Am I a Trader?

Trader's Office
For IRS tax purposes a Trader might operate as a “trade or business” if the intent is to profit from market price swings as the primary source of income for the year. With this as the intent, then once the taxpayer’s activity rises to a sufficient level it may be taxed under trader status rather than, by default, as an investor (investor status).

For the trade or business to gain Securities Trader Status or Financial Instruments Trader Status or Commodities Trader Status with the IRS it might buy and sell Stocks, Stock options, Bonds, Futures, Commodities, E-mini’s, QQQQ options, §1256 contracts, foreign currency contracts and so on.

Generally speaking to have Trader Status your frequent trading activity must be substantial and you must carry on the activity with continuity and regularity.

Per an IRS audit/examination guide, you must not have any interest in “capital appreciation” or even in “conservation of capital.” While it is true that generally a knowledgeable business person should probably have money management as a major concern, it is a fact that IRS agents have these instructions in their audit guides.
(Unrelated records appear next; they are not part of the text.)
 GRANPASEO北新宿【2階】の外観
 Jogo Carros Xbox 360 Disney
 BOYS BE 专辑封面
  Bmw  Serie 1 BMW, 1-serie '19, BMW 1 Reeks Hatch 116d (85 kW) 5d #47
Avoid tax return preparation “errors” that the IRS is wise to. Some preparation firms make extra money handling the IRS inquiries and examinations resulting from such “unintentional” oversights. We feel that it is best to do it right the first time and avoid questions from the IRS.
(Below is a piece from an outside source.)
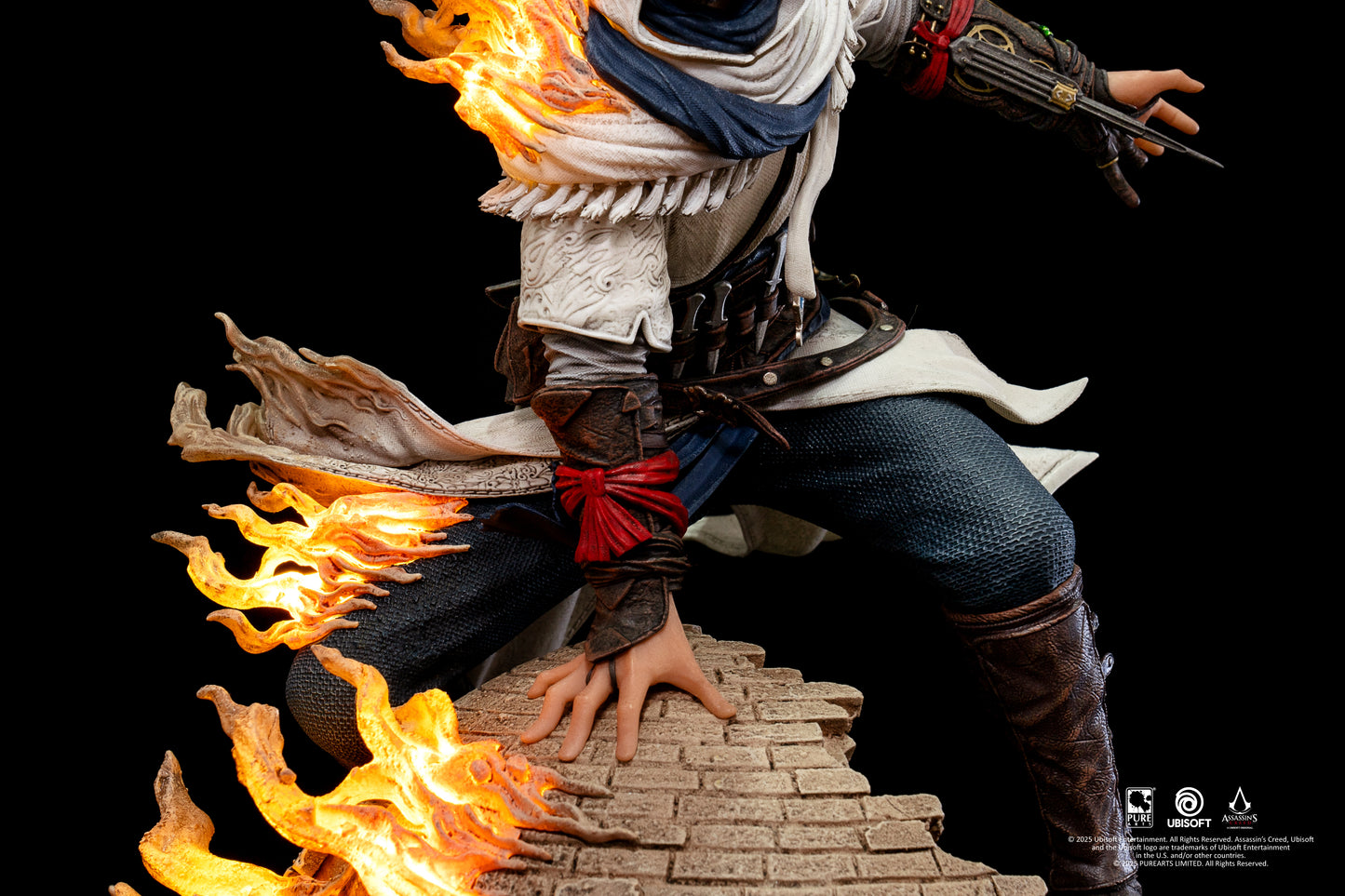 Assassin's Creed - Animus Bassim 1/8 Scale Statue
As a very general and over-simplified “set of rules” for a newbie to start with and gain a relative understanding applicable to your IRS taxes:

  1. Without having BOTH Trader Status & M2M (Mark-to-Market) your overall net Securities Trading losses are limited to a deduction of $3,000, per year.

  2. Forex and Futures (including Options on futures, Commodities and many Index trading instruments) have different tax rules.

  3. To use (to have) M2M for your Securities Trading you MUST have Trader Status and you MUST have made a timely, written, automatically approved M2M election and in some cases, also filed an IRS Form 3115 in duplicate.

  4. Generally, to have Trader Status you SHOULD absolutely trade:     actively.     frequently.     with continuity (meaning have relatively few periods of inactivity).    and be using a reasonably substantial amount of liquid assets.

  5. Furthermore, you are BETTER OFF with:    no interest income.     no dividend income.    more margin interest.    shorter holding periods.    fewer long-term holding periods.     few, if any, investments or other sources of income (such as long-term stock holdings, family business S-corp or LLC, W-2 wages, 1099-NEC self-employment income, rental property, trust-fund baby income, etc).


 


Beware of these common misconceptions:
Please note that obtaining “trader status” alone results in no change from the norm for reporting your gains and losses – which is to say, they remain being taxed under a Schedule D and Form 8949 “realization method” for capital gains and losses. If you wish to obtain Form 4797 ordinary gains and losses tax treatment you must further elect “mark-to-market” under stringent rules (see Rev. Proc. 99-17). And if you wish the later change back to a realization method, there are additional stringent rules (see Rev. Proc. 2015-14) to be followed right down to the nth degree.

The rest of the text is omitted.